Tony Romo Injury: Cowboys QB's Punctured Lung, And Why It Can Be A Dangerous Wound

SAN FRANCISCO, CA - SEPTEMBER 18: Tony Romo #9 of the Dallas Cowboys celebrates after defeating the San Francisco 49ers at Candlestick Park on September 18, 2011 in San Francisco, California. (Photo by Jed Jacobsohn/Getty Images)

Tony Romo's injury isn't just a broken rib -- we learned on Monday that the Dallas Cowboys quarterback also has a small puncture in his lung. SB Nation's Medical Expert breaks down Romo's injuries and explains why punctured lungs can be so worrisome.

A CT scan of Dallas Cowboys' QB Tony Romo's chest on Monday revealed not only a fractured rib, but also a punctured lung, complicating his prognosis for next Monday night's home opener against the Washington Redskins.

Romo suffered the rib injury on the team's third offensive play from scrimmage in Week 2 after being hit by 49ers linebacker Ahmad Brooks. After receiving pain medications at halftime, Romo missed most of the third quarter, then led the Cowboys to come-from-behind 27-24 overtime win.

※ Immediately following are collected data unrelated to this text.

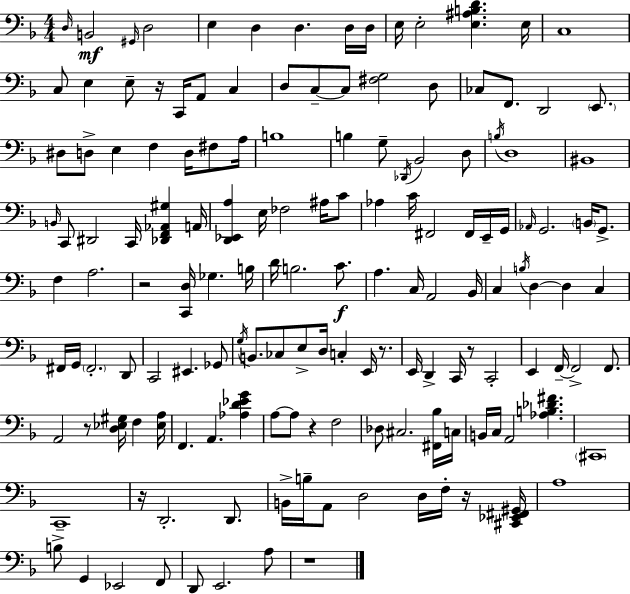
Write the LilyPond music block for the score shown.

{
  \clef bass
  \numericTimeSignature
  \time 4/4
  \key d \minor
  \grace { d16 }\mf b,2 \grace { gis,16 } d2 | e4 d4 d4. | d16 d16 e16 e2-. <e ais b d'>4. | e16 c1 | \break c8 e4 e8-- r16 c,16 a,8 c4 | d8 c8--~~ c8 <fis g>2 | d8 ces8 f,8. d,2 \parenthesize e,8. | dis8 d8-> e4 f4 d16 fis8 | \break a16 b1 | b4 g8-- \acciaccatura { des,16 } bes,2 | d8 \acciaccatura { b16 } d1 | bis,1 | \break \grace { b,16 } c,8 dis,2 c,16 | <des, f, aes, gis>4 a,16 <d, ees, a>4 e16 fes2 | ais16 c'8 aes4 c'16 fis,2 | fis,16 e,16-- g,16 \grace { aes,16 } g,2. | \break \parenthesize b,16 g,8.-> f4 a2. | r2 <c, d>16 ges4. | b16 d'16 b2. | c'8.\f a4. c16 a,2 | \break bes,16 c4 \acciaccatura { b16 } d4~~ d4 | c4 fis,16 g,16 \parenthesize fis,2.-. | d,8 c,2 eis,4. | ges,8 \acciaccatura { g16 } b,8. ces8 e8-> d16 | \break c4-. e,16 r8. e,16 d,4-> c,16 r8 | c,2-. e,4 f,16--~~ f,2-> | f,8. a,2 | r8 <d ees gis>16 f4 <ees a>16 f,4. a,4. | \break <aes d' ees' g'>4 a8~~ a8 r4 | f2 des8 cis2. | <fis, bes>16 c16 b,16 c16 a,2 | <aes b des' fis'>4. \parenthesize cis,1 | \break c,1-- | r16 d,2.-. | d,8. b,16-> b16-- a,8 d2 | d16 f16-. r16 <cis, ees, fis, gis,>16 a1 | \break b8-> g,4 ees,2 | f,8 d,8 e,2. | a8 r1 | \bar "|."
}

In his Monday afternoon press conference, Cowboys Head Coach Jason Garrett stated he believes Romo should be ready for the Redskins game. However, the diagnosis of a punctured lung implies that a small amount of air has escaped from Romo's injured lung into his chest cavity, and if the leak does not close spontaneously, it could lead to a collapsed lung and serious side effects if not treated emergently.

A punctured lung refers to a situation in which the lung is pierced, most commonly due to trauma such as from a fractured rib. An imaging study, such as an x-ray, CT scan, or MRI, will usually show air in the pleural space of the chest, which is located between the wall of the chest cavity and the lung. If the puncture site is small enough, it can spontaneously heal in a matter of hours or days, and any air that has escaped from the lung is absorbed and dissipates in the pleural space.

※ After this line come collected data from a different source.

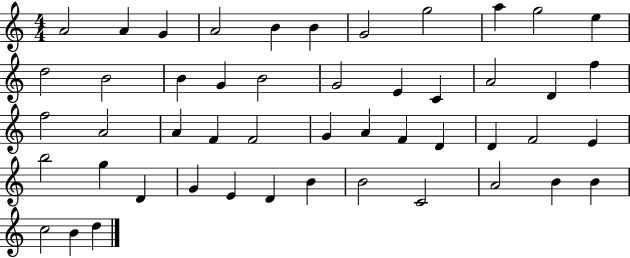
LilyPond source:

{
  \clef treble
  \numericTimeSignature
  \time 4/4
  \key c \major
  a'2 a'4 g'4 | a'2 b'4 b'4 | g'2 g''2 | a''4 g''2 e''4 | \break d''2 b'2 | b'4 g'4 b'2 | g'2 e'4 c'4 | a'2 d'4 f''4 | \break f''2 a'2 | a'4 f'4 f'2 | g'4 a'4 f'4 d'4 | d'4 f'2 e'4 | \break b''2 g''4 d'4 | g'4 e'4 d'4 b'4 | b'2 c'2 | a'2 b'4 b'4 | \break c''2 b'4 d''4 | \bar "|."
}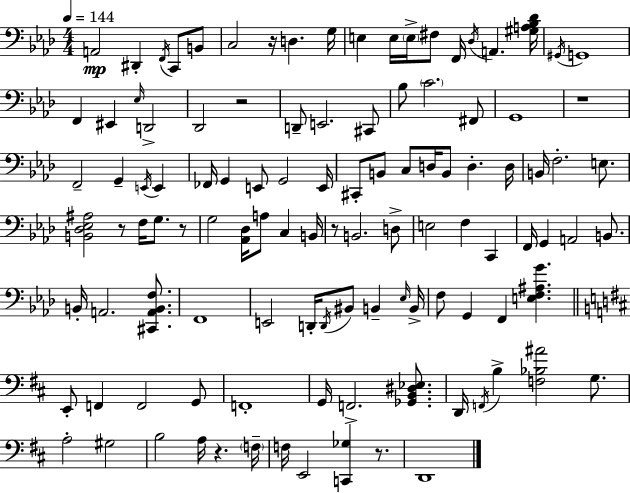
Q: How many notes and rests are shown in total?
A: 111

However, if the puncture site is large, or if it does not heal quickly, air can quickly and continuously leak from the lung into the pleural space, causing lung collapse (known as a pneumothorax). In general terms, a pneumothorax can be described either as a simple pneumothorax or a tension pneumothorax based on its clinical characteristics, and the severity of the condition and its treatment options largely depend upon this distinction.

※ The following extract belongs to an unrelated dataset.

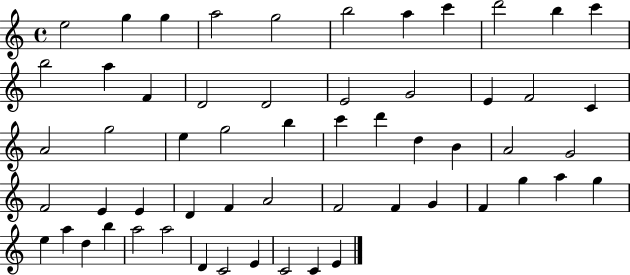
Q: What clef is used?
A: treble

In a simple pneumothorax, there is usually only partial collapse of a lung. While the collapsed may be severe enough to lead to decreased amounts of oxygen in the blood and cause the patient to feel short of breath, this type of pneumothorax is often small and "stable," and it may not require emergency treatment. However, the pneumothorax may progress to cause worsening breathlessness or cardiovascular impairment, and in either case it would need to be monitored in a hospital setting.

Pneumothorax_medium

In a tension pneumothorax, air builds up rapidly under pressure and usually causes complete collapse of one or both of the lungs. This causes severe dysfunction of the cardiovascular system, as pressure built up in the lung cavity slows or stops the return of blood to the heart from the veins. Because the heart has less blood available to pump into the main arteries, blood pressure drops, and other vital organs are rapidly affected. In an affected person does not receive emergency treatment, death may result.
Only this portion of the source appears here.